Vancouver’s left-sided tendency likely comes from Kekuta Manneh’s increased effectiveness as the attacking left midfielder in Vancouver’s 4-2-3-1.  Traditional stats show he started almost every game (a good sign of importance), scored 7 goals, and had 6 assists.  Traditional scouting would show he’s absurdly fast, likes taking guys on 1 v. 1, and plays as an inverted winger to set-up a right footed shot.  Further stats to augment this player profile show that Manneh was 4th in the league in successful dribbles (2.2 per game), but he only connected on 6 out of 56 attempted crosses.  Broadening our scope, we see that left back Jordan Harvey rarely surged forward to provide additional width or crossing.  We can assume that Manneh is indeed generating the attack from this side.  With this fuller picture, opposing defenses will likely play deeper than normal to ensure Manneh doesn’t get in behind, and Vancouver will look for ways to isolate Manneh out wide on the left.

Of course, one of the challenges with statistics is application in the moment.  As Mike Goodman wrote in his analytics article featuring quotes from Ted Knutson and Daniel Altman, fluctuations and variance in performance are inherently messy.  To illustrate this, here is the game-by-game attacking tendency for San Jose, a team that was essentially league-average by the end of the year.

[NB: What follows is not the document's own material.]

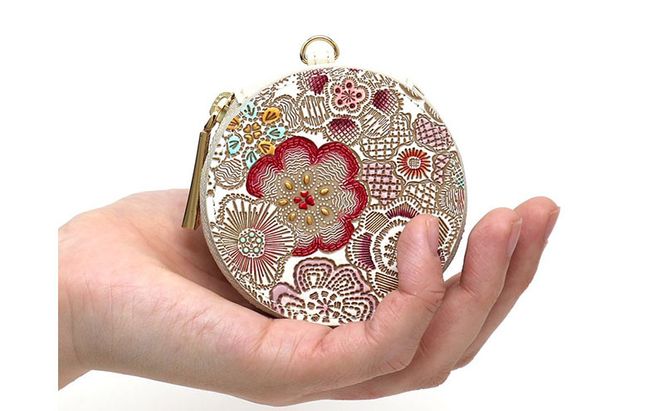 【文庫屋大関】マカロンポーチ 春らんまん＜茜＞【皮革工芸品】 ポーチ ミニポーチ 小物入れ アクセサリー入れ イヤホン入れ 収納 保管ケース 手のひらサイズ  本革 革 皮革 工芸品 工芸 雑貨 ギフト プレゼント 日本製 東京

Whereas Vancouver rarely deviated from its 4-2-3-1 and had stable personnel, San Jose experienced upheaval when they lost Innocent Emeghara to injury in the 8th game of the season.  Add in mid-season acquisitions of Marc Pelosi, Anibal Godoy, and Quincy Amarikwa, and it’s not surprising that San Jose experimented with various formations throughout the season.  Here, traditional scouting should take the lead, informing teams of player availability or recent changes.  Where analytics could complement that work is a rolling average of attacking channel preference throughout the season.  This can help identify outliers (the 9th game, where the Quakes attacked down the left 49% of the time), or a substantial shift (a more balanced approach toward the end of the season with Godoy in central midfield.)

As Brian Phillips eloquently stated, “Soccer gives players more chaos to contend with than any other sport.  So there’s something uniquely thrilling about the moments when they manage to impose their order on it.”  The pursuit of that order is best achieved through a combination of analytics and traditional soccer analysis.